Stefanos Nikolaidis
Home Publications Academics Contact

The goal of my research is to improve human-robot collaboration by finding principled ways for robots to account for their human counterparts in their decision making. I focus on developing game-theoretic algorithms and probabilistic planning techniques that enable robots to act optimally, using compact representations of the human state and its dynamics.

The first part of my work, done in the Interactive Robotics Group at MIT, focuses on enabling robots to integrate seamlessly into human teams, by adapting to the preference of their human teammates. In particular, the robot can learn effectively the individualized preference of their human teammate through cross-training, a widely used team-training practice.
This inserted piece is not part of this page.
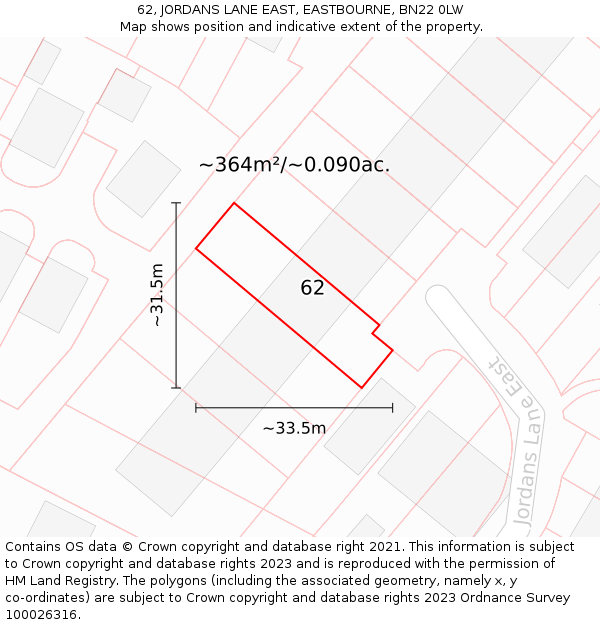 62, JORDANS LANE EAST, EASTBOURNE, BN22 0LW: Plot and title map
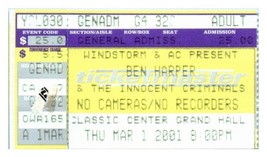 Ben Harper Concert Ticket Stub March 1 2001 Athens Géorgie - £35.57 GBP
Learning exact individualized models requires a large number of samples, however, which can be tedious from a human-robot interaction perspective. Therefore, human users can be clustered into types using unsupervised learning. When a new user comes to work with the robot, the robot can infer their type online and execute a policy aligned with their type.

What if the human teammate has a preference that is suboptimal, however? My PhD thesis at the Personal Robotics Lab at CMU focuses on improving team performance by reasonining over the effect of the robot actions to the future human behavior. I propose bounded-memory and game-theoretic models of human adaptation that enable the robot to guide users that are willing to change their preference towards a better way of completing the task, while retaining their trust in the robot. The models are applicable in both human-robot collaboration and shared-autonomy settings.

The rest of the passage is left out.